Texto de: Pedro Gaião

As polêmicas envolvendo a Basílica de Santa Sofia parecem transcender os séculos. Fundada no século VI, a jóia do imperador Justiniano ostentou o título de maior catedral do mundo por praticamente mil anos, até a Catedral de Sevilha, finalizada em 1520, reivindicar tal título.

Durante esse milênio de existência extravagante, a Basílica sofreu várias mudanças, exercidas ao gosto do regime religioso vigente. Poderíamos citar a desfiguração zelosa das suas imagens, promovida pelos iconoclastas bizantinos. Ou a vergonhosa profanação de seu espaço no Saque de Constantinopla (1204), que precedeu a subsequente latinização do templo. Por mais de meio século, a partir daí, tanto a Catedral como seu Patriarcado foram expropriados pelas forças ligadas ao Papa, com o Catolicismo Romano e o rito latino imposto em ambos.
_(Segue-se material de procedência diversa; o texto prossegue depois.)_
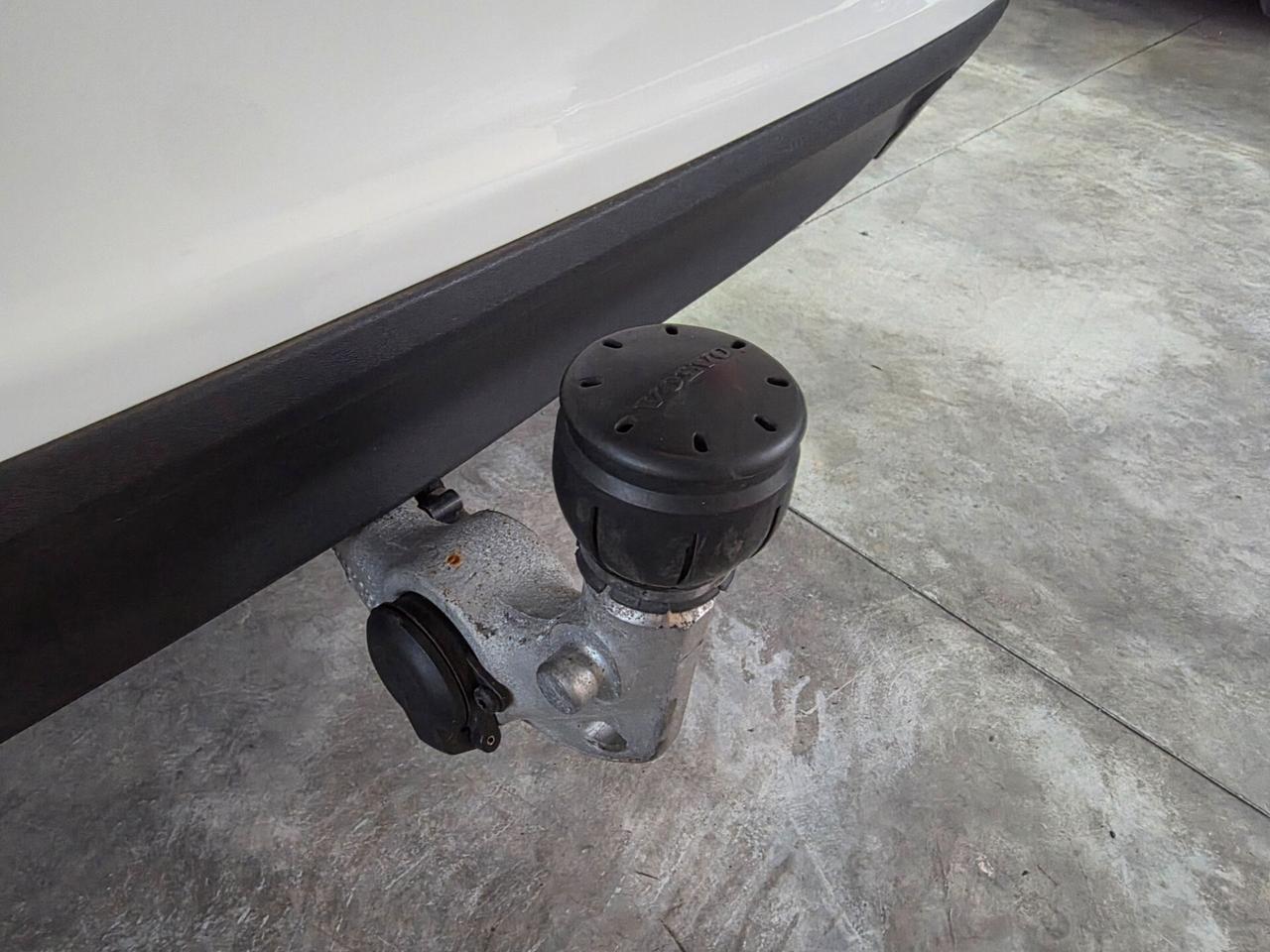 Volvo V60 D4 Geartronic gancio traino, uniproprietario, €6D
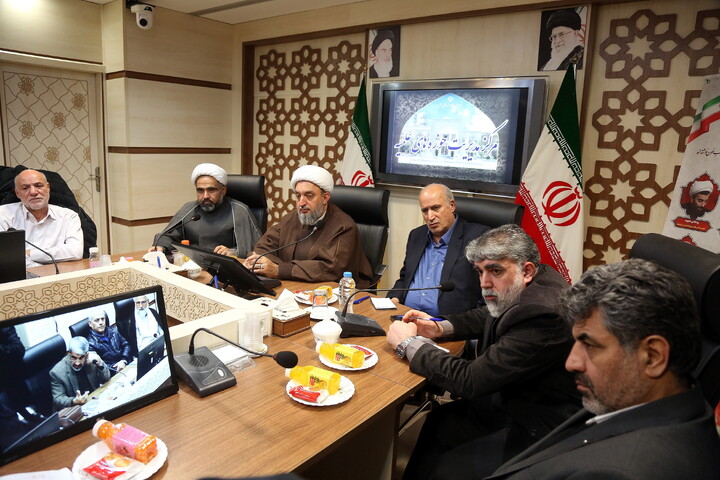 تصاویر/ نشست ستاد راهبری ورزش حوزه‌های علمیه با رئیس فدراسیون فوتبال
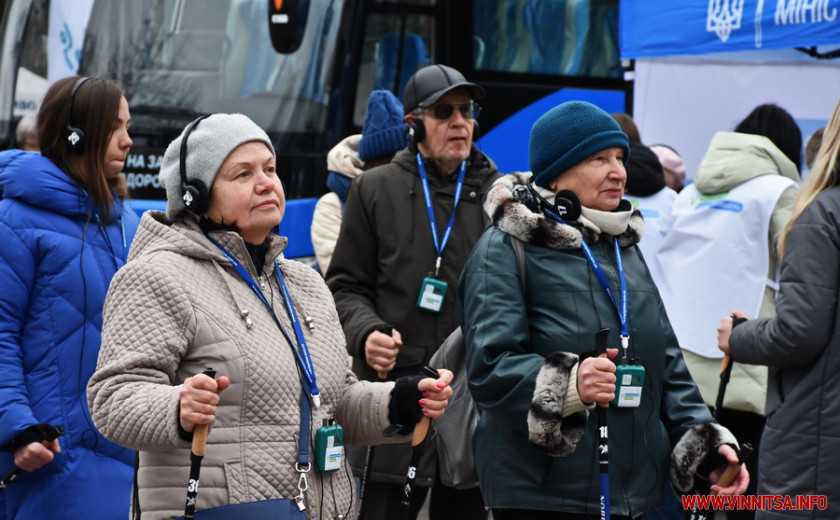 У Центральному парку ім. Леонтовича вінничани вчилися скандинавській ходьбі та перевіряли стан здоров’я  - фото 13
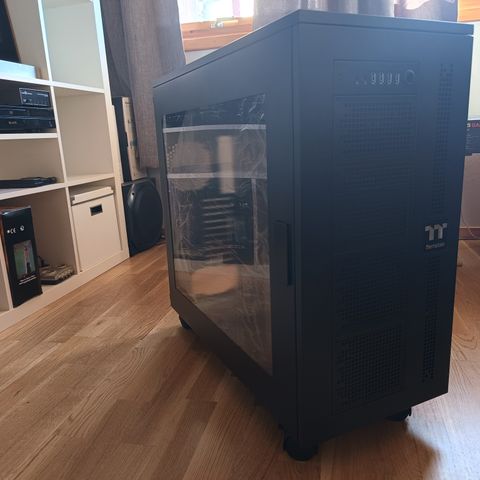 ThermalTake Core W100 Super Tower PC kabinett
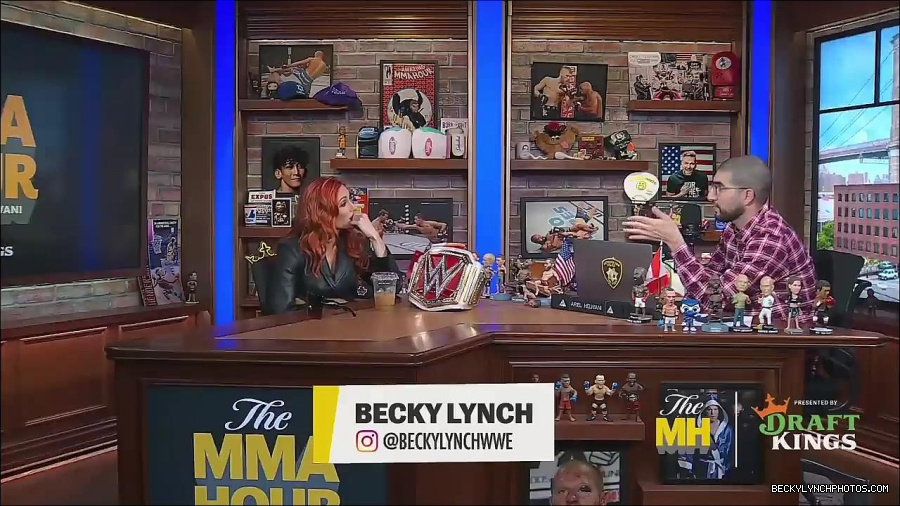 Y2Mate_is_-_Becky_Lynch_Talks_Charlotte_Flair_Feud_27I27m_So_in_Her_Head__-_The_MMA_Hour-4BJNnwyhid4-720p-1656194904909_mp4_002685883.jpg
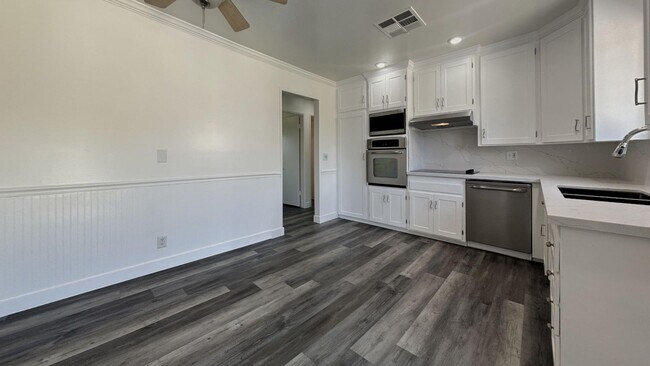 Foto del edificio - Beautiful Renovated 4 Bedroom 2 Bath Home ...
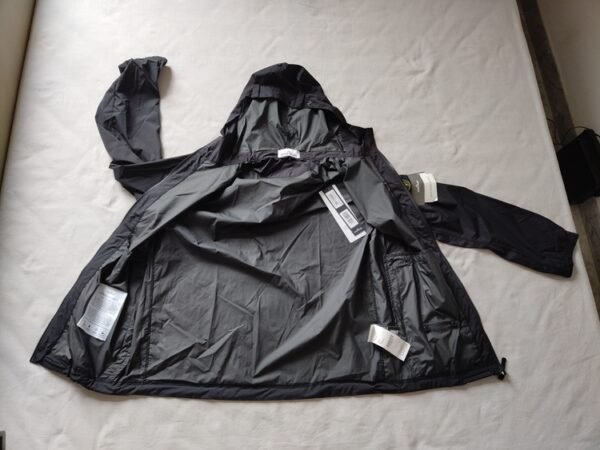 STONE ISLAND GIUBBINO 43831 SKIN TOUCH PACKABLE NERO - Image 3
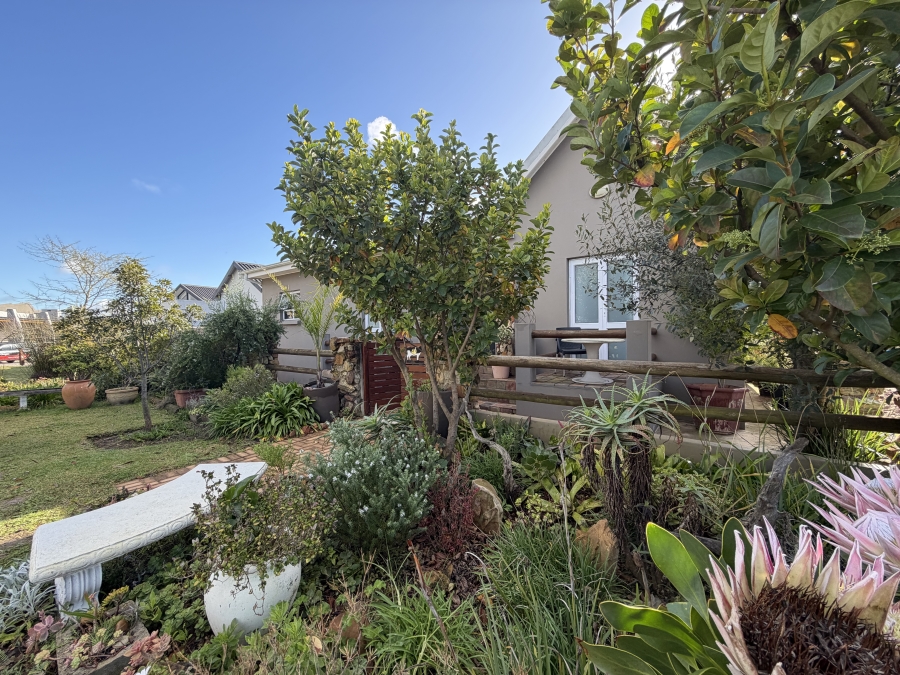 3 Bedroom Property for Sale in Crossways Farm Village Eastern Cape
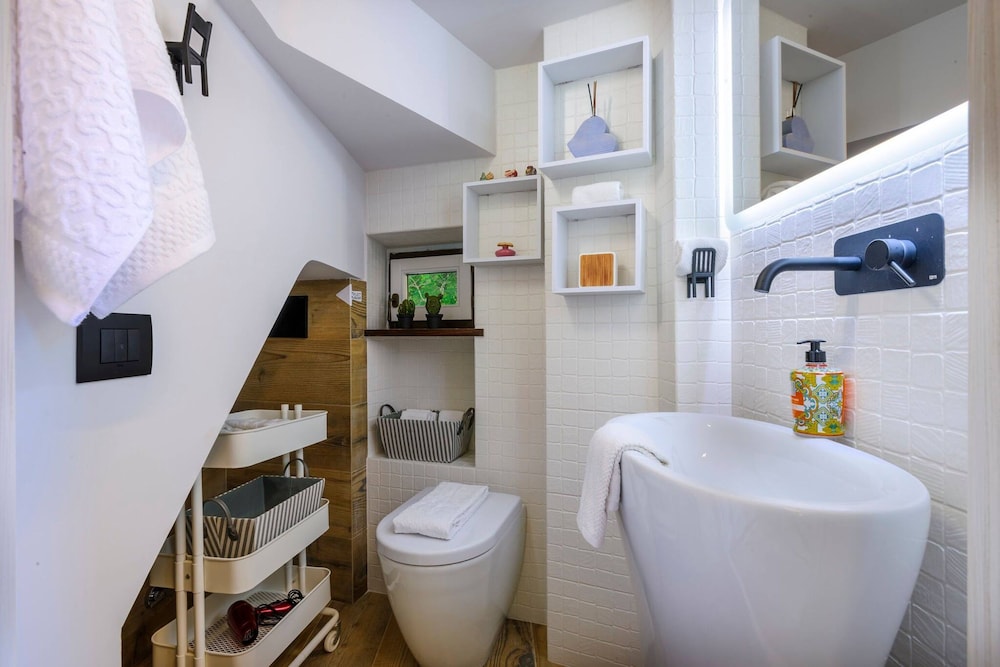 Casalino Galassi 4 2 by Marche Holiday Villas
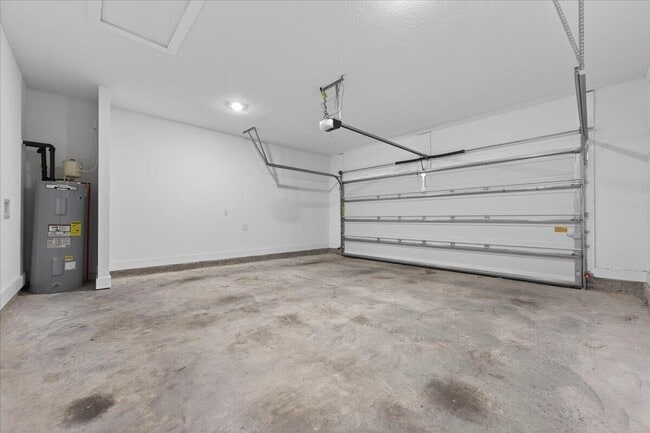 Building Photo - 210 Lyla Ln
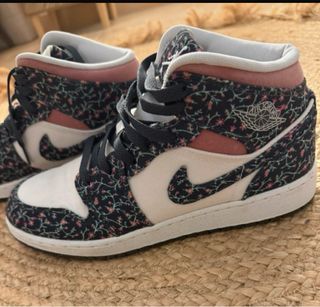 Nike Jordan 1 MID Floral Canvas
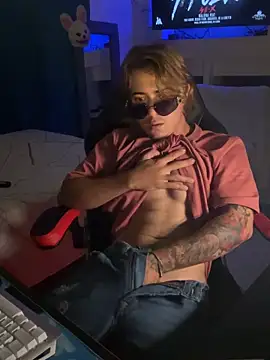 AngelLatinBoy's Live XXX Chat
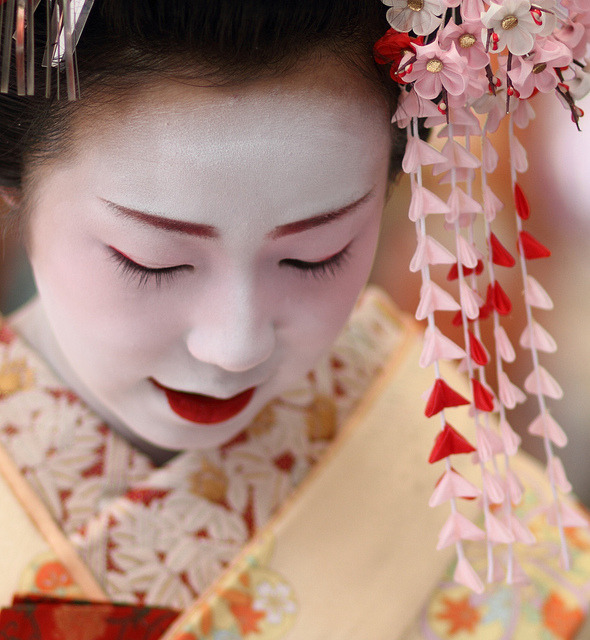 blue-serendipity:  Maiko : Satohina by momoyama on Flickr. 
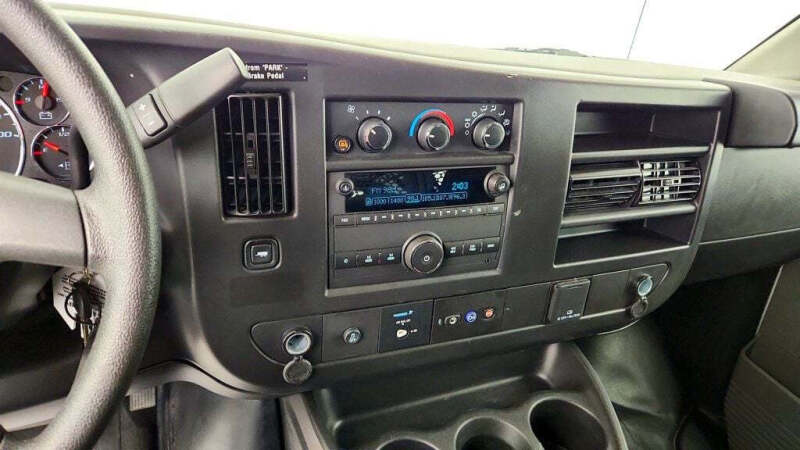 2025 Chevrolet Express 2500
Todos estes casos, porém, se referem a conflitos entre religiões cristãs: teologias e igrejas, entre seus cismas e heresias. A Conquista Otomana (1453), que converteu a basílica numa mesquita, parece ter feito destas apenas um amontoado de disputas fúteis.

E embora meu papel aqui não seja produzir juízos de valor sobre a medida recente que reverteu o status secular da dita Basílica, o fato é que tal decisão revigorou um debate bastante conhecido no meio cristão: que a “Igreja Católica”, seja no seu sentido romano ou ortodoxo, sempre foi atacada injustamente com expropriações por seus inimigos, dos quais os muçulmanos exercem bastante proeminência.

A narrativa também tem ainda um outro propósito, mas não menos importante: a Igreja e Fé Verdadeira seriam alvo de perseguição, conforme alertado por Cristo e pelas Sagradas Escrituras. Desta forma, muito além de queixas e reclamações, a questão das expropriações também tem finalidade apologética.

Mas não pense você que isto é um debate sobre Islã. Trata-se, mais profundamente, de um debate de cosmovisão sectária e particularista, onde uma determinada instituição seria unilateralmente agredida por todos os tipos de inimigos, sejam eles internos, como protestantes e outros hereges, ou por externos, como maometanos e pagãos.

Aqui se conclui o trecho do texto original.